HC Deb 04 April 1951 vol 486 cc16-7W
Mr. J. Johnson

asked the Secretary of State for the Colonies if he is aware that colonial research today is unco-ordinated and dispersed; and if he will set up a British colonial staff college to remedy this.

Mr. J. Griffiths

I cannot agreed with my hon. Friend that colonial research is unco-ordinated, or that it is dispersed to a greater extent than is necessary and proper. If my hon. Friend will refer to the annual reports on colonial research, he will see that since the war it has been the policy of successive Secretaries of State to encourage the co-ordination of research by the establishment in the Colonies of regional research institutes and organisations. This policy has been applied to all fields, including agriculture, animal health and forestry, medicine, insecticides, tsetse and trypanosomiasis research, fisheries, microbiology and social and economic research, and very considerable progress has been made.

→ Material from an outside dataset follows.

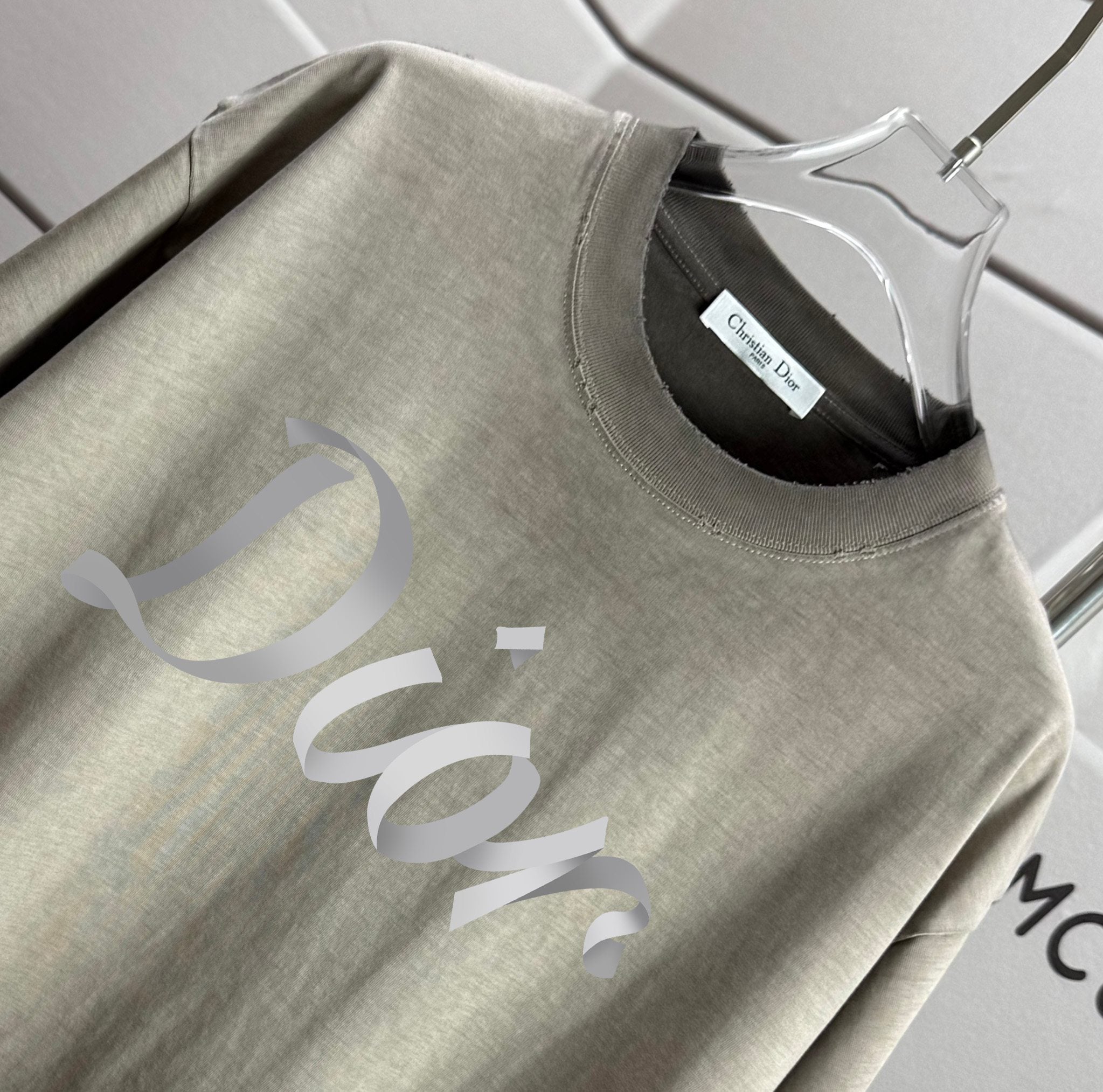 Dior short-sleeve crewneck T-shirt, light gray, partial Dior logo graphic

In the Colonial Office, the Research Department is assisted by various specialist advisory research committees consisting of the most eminent scientists in each field, representing a width of experience and knowledge which it would be difficult to surpass. Their task is to advise me on all matters, including coordination, affecting research in their respective fields. In addition, there are attached to the Research Department scientists in the fields of agriculture, medicine and insecticides, who pay frequent visits to Colonial Territories, as, of course, do my fisheries and other specialist advisers. These specialist advisory committees and their sub-committees meet frequently and accounts of their work and of the schemes sponsored by them are given in the annual colonial research reports. The Colonial Research Council, which includes the chairman of all the specialist advisory committees, co-ordinates the work of these committees and advises me on general questions relating to research policy and on matters not falling within the province of any of the specialist committees.

I have therefore no hesitation in saying that the scientific direction of research in the Colonial Empire is as closely coordinated as possible with territories scattered throughout the world. It is of course "dispersed" in the physical sense that work is being done in many different parts of the Colonial Empire. This obviously could not be otherwise. The second part of the Question does not therefore arise.